If you are teaching outside of your specialism, technicians can be especially helpful. Simon Quinnell, national technician lead at the National STEM Learning Network, told me: “As a technician and a teacher I’ve seen (and been on) both sides and know how invaluable technicians are in supporting teachers and students.

“As a technician my first taste of being in front of a class was supporting non-specialists performing demonstrations. This included helping our NQT biologist with the vacuum pump and Van der Graaf and our physicists and chemists with dissections, as I had the skills and knowledge and they had the teaching expertise.

“This happened because the department valued technician input and made good use of the resources and skills we had. The teachers encouraged technicians to get involved in lessons and they valued the support.”

And technicians are not just there to “prep the work”, often they have valuable input to make into lesson ideas and strategies and the different types of practical experiment that teachers might employ in class.

Mr Quinnell continued: “As a teacher the technician teams I’ve worked with have always enabled me to do practical work in so many different ways that helps to support learners of all types.

“Technicians are also not just about the prepping up of practical work. Technicians that are well trained, valued and have the time to be there can support teachers with training on practical techniques, equipment, health and safety advice, and can trial and research practicals to make sure they are as effective as they can be for students.

“If I have a practical that I want to get working for a course, I will always work with the technician team as they have the expertise and experience to make it happen.”

So how can we support our technician colleagues? I think it comes down to respecting the role. Technicians are often the glue that hold science departments together: ensuring continuity of knowledge through the department, and shepherding nervous NQTs through their first year.

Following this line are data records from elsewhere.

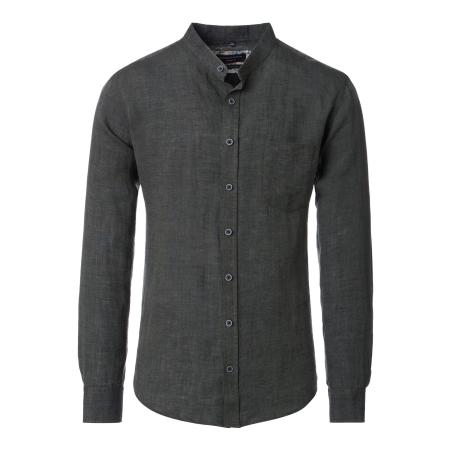 Casa Moda Linnen Overhemd groen, Effen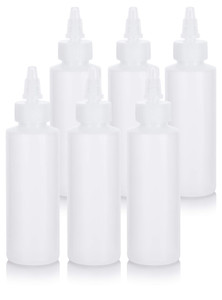 JUVITUS 4 oz / 120 ml Clear Natural Refillable Plastic Squeeze Bottle with Twist Top Spout (6 pack)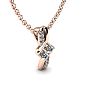 1/4 Carat Two Stone Two Diamond Knot Necklace In 14K Rose Gold Image-2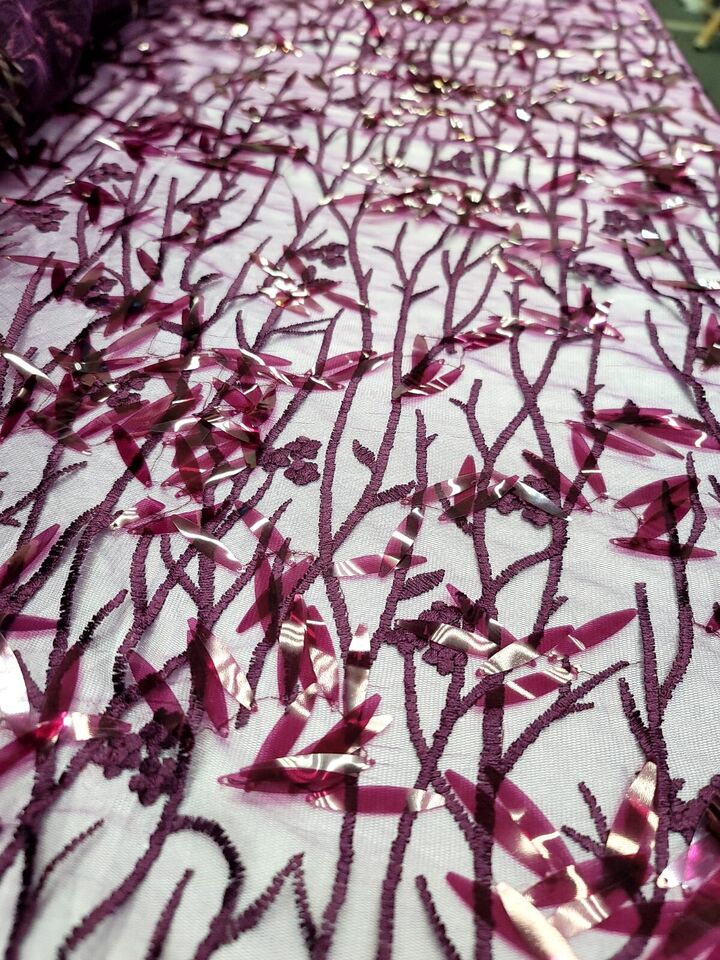 Sequined Floral Lace Embroidery in Eggplant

As a head of department myself, I always tried to ensure that all my staff – technicians included – had access to regular training and professional development opportunities.

Helen Rose, the technician professional development leader at the National STEM Learning Centre in York, shares with me regular stories of technicians who have taken part in professional development with us at the centre and have grown in confidence as a result.

She said: “One technician who really stands out in the memory was Jayne. She attended some CPD a few years ago. Jayne has blossomed into an awesome science technician who at the beginning was in basic training and is now a senior technician who sends her new technicians onto our courses.”

Another key thing we can do to support technicians is to make sure they are celebrated. This could be as simple as sharing with them how much a class loved a practical they helped to design or empowering them to take on new projects and responsibilities.

There are lots of awards and recognition schemes out there, too – why not nominate an amazing technician you know? The National STEM Learning Network runs two such awards – the ENTHUSE Celebration Awards and the STEM Educators recognition scheme. Both of these are free to enter, and have categories designed to highlight the work of technicians.

The benefits for ensuring technicians are supported are manifold – technicians not only support all their teacher colleagues in their department, they also share vital knowledge and ideas for practical work.

Technicians who are given the confidence and opportunity to take more of a lead in their departments have gone on to do fantastic things – from becoming STEM coordinators in their schools to starting STEM Clubs, some are even leading training sessions, not only for their colleagues but for teachers and technicians across their local area and nationally.

  • Fran Dainty is science CPD lead with the National STEM Learning Network.